Locke’a göre bir toplumda ahlakın temelini oluşturmakta olan din düşüncesine karşı eleştirilecek tanrıtanımazlık gibi anlayışlar karşılarında her zaman devleti bulmalıdırlar.

Laik devletin dini olur mu?
Laik devlet yapısının egemen olduğu ülkelerde din ve vicdan özgürlüğü vardır ve bu yüzden herkes inandığı dinin gereklerini yerine getirme, inansa bile o gerekleri yerine getirmeme veya hiçbir dine mensup olmama özgürlüğüne sahiptir.

Laiklik Türkiye’ye ne zaman geldi?
10 Nisan 1928 tarihinde devletin bütün dinlere eşit mesafede olmasını sağlamak gerekçesiyle, 1924 Anayasasında yer alan “devletin dini İslamdır” ibaresi kaldırılmış ve laik hukuk devleti yolunda ilk adım atılmıştır.

1924 Anayasası ilan edildiğinde laikliğe aykırı hükümler bulunmasına karşın, 1928 yılında yapılan değişikliklerle bu hükümler kaldırılmıştır. Laiklik ifadesinin bir kez kullanıldığı bu anayasada, yeni Türk Devletinin laikleşmesinin yolu açılmıştır.

Laik ve seküler aynı mı?
Latince çağ anlamına gelen Saeculum sözcüğünden İngiliz dili için türetilen Secularism (Sekülerizm) Türkçeye laiklik, çağdaşlaşma veya dünyevileşme olarak üç farklı terimle çevrilebilmektedir. Fransa’da laiklik için Laïcité (Laicisme) terimi kullanılmaktadır.

Atatürk’ün lâiklik ilkesi nedir?
Laiklik, din ve devlet işlerinin birbirinden ayrılması ve her vatandaş için vicdan hürriyetinin sağlanması demektir. Atatürk’e göre “laiklik” yalnız din ve dünya işlerinin ayrılması demek değildir. Tüm yurttaşların vicdan, ibadet ve din özgürlüğü demektir. Laik idarede din asla devlet işlerine karışmaz.

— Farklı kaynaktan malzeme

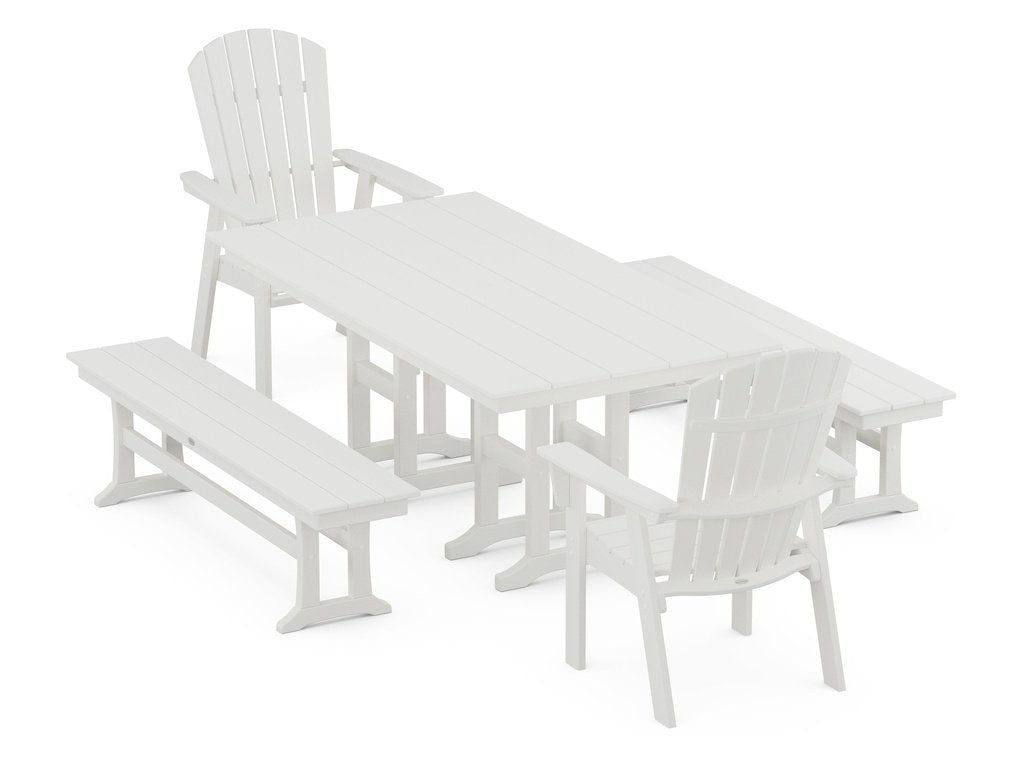 Nautical Curveback Adirondack 5-Piece Farmhouse Dining Set with Benches Photo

Laik devletin özelliği nelerdir?
Laikliği, resmi politikası dinsizlik olan rejimlerden kesinlikle ayrı tutmak gerekir. O tür rejimlerde devlet dine karşıdır. Vatandaşın dinsiz olarak yetişmesi için gereken her türlü tedbiri alır. Atatürkçü laiklikte ise, devlet işlerine karıştırılmaması koşulu ile tam bir din ve inanç özgürlüğü vardır.

Laik olmayan devlet anlayışı nedir?
Lâik olmayan devlette yani teokratik devlette din ve vicdan hürriyeti yoktur, bunun sözü dahi edilemez. Lâik devlet dine bağlı devlet değildir ama din düşmanı bir devlette değildir. Lâik olmayan devlette, yani teokratik devlette din politikaya alet olur.